Voicing "great concern" about the climate of tension in Togo in the final days before the 24 April presidential election, Reporters Without Borders today appealed to the news media and the authorities for calm and said the chief victim was the Togolese public, which is not getting the objective and unbiased reporting it needs.
The press freedom organization urged the authorities to use dialogue to settle disputes, and urged the privately-owned news media to respect the rules of fairness in their election coverage. It also called on the High Council for Broadcasting and Communication (HAAC), which regulates the media, to rescind its ban on the privately-owned media covering the elections and to reach an agreement with press and journalists’ organizations on a fair and professional way to work.
"We are particularly worried by the fact that political violence, whatever its source, has clearly infiltrated the press in Togo," Reporters Without Borders said. "We were already obliged to express our concern when the privately-owned press was turned into a political weapon. But it is absurd and counter-productive to ban the privately-owned media outright from covering the election campaign, at a time when antagonism is at its peak."
The organization continued: "In general, we advise the HAAC to respond on a case by case basis to avoid being unfair. And for the sake of a swift compromise that will allow a return to a situation where fairness prevails, we totally support the mediation efforts undertaken above all by the Union of Free Radio and TV Stations of Togo (URATEL), which the authorities and the HAAC should take seriously."
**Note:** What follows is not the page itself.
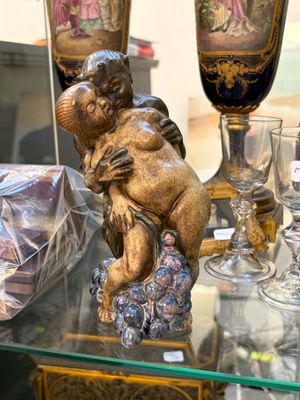 une table en verre sur laquelle se trouvent des vases et une statue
Reporters Without Borders added: "Regardless of who they support, those at the head of the privately-owned news media must ensure that their journalists do not become political campaigners or spokespersons. We stress that it is the Togolese public that is paying the price for this climate of tension because it is being deprived of balanced and objective reporting."
On 19 April, the HAAC banned privately-owned radio and TV stations from "providing media coverage of election campaigning by all candidates." It also demanded that the broadcast media "scrupulously" respect provisions regarding the organization of the election campaign, in particular, those banning "special broadcasts or debates by candidates or their representatives."
In the rules established by the HAAC at the start of the election campaign, the privately-owned media were banned from any coverage of the campaign except rallies held by candidates. Coverage of all other aspects of the campaign was restricted to the state-owned media, on the basis of fairness to the candidates taking part.
Dadja Pouwi, an adviser to communication minister Pitang Tchalla, complained to Reporters Without Borders on 15 April that, "some radio stations, in defiance of the law, are continuing to exacerbate the situation in the country by organizing live broadcasts in which listeners phone in using false names and indulge in insults and provocations."
Pouwi also criticised the "lack of balance" in the privately-owned media’s coverage and their bias in favour of the opposition. Some radio stations have broadcast virulent political editorials attacking the son of the late President Gnassingbé Eyadema, who is the candidate of the ruling Rally of the Togolese People (RPT), and attacking France, which is believed to support the regime.